Troubles of Life and Death
13th of March 2007 A.D.
Builders, clerks, doctors, teachers, students, clerks and cashiers, you look out over the worried people trying to get answers to questions the world doesn't want them to get. They shouldn't be involved in all this, in a better world they wouldn't be. In a better world no one would have died, this isn't that world. You raise your voice and pitch it just so with an air of authority of knowing where you stand and where others should too: "Agent Smith, Department of Homeland Security, Bio-Terrorism Taskforce. Why are you people assaulting the agents who just saved you all from being exposed to weaponized Ebola?"
Ignore for a moment the fact that neither of them look like any sort of agent: Silver's still dressed in faded pastels wrapped in black leather and metal studs, like wild flowers on a gave while Azhi Dahaka looks even less professional under all that blood, you had thrown out an answer in an official voice and so the crowd half stumbles to a halt, strung up along the track, some less willing than others to give up the chase, not not quite willing to continue without the benefit of numbers.

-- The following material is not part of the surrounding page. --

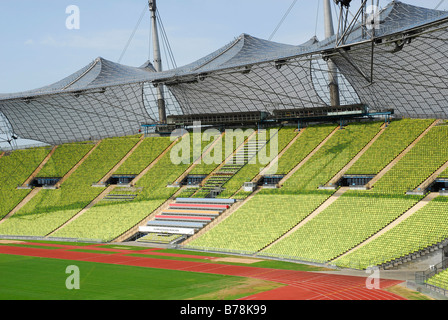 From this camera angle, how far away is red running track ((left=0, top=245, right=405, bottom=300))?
29828mm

"Well ain't that a load of horseshit!" a large man, his physique like a wrestler or a quarterback gone to seed and what you think might be a faded tattoo along his right bicep shouts back. "Do you see that!" he motions at the hole in the side of the train. "Did fucking Ebola do that?"
"No," you reply calmly, "
That was a bomb unfortunately not that we can assess the damage since you accosted us,
sir." You do your best to load the courtesy with all the threats of consequences your presumed authority might conjure.
"What about the lights, tell her about the lights Jack!" A woman standing next to him grabs onto the man's arm. His wife? No, not the right kind of familiarity, but either a friend or close family.
"Ma'am we suspect there might have been hallucinogenic compounds involved..."
Because corpse-pale doves and dragons made of pale shadows aren't the kind of thing most people expect to see even in the aftermath of a terrorist attack. Please ignore the fact one of the 'agents' looks half dead other than being ambulatory.
While you'd been speaking Tiffany had beelined straight for the pair of Exalts laying hands on them to heal ills subtle and overt.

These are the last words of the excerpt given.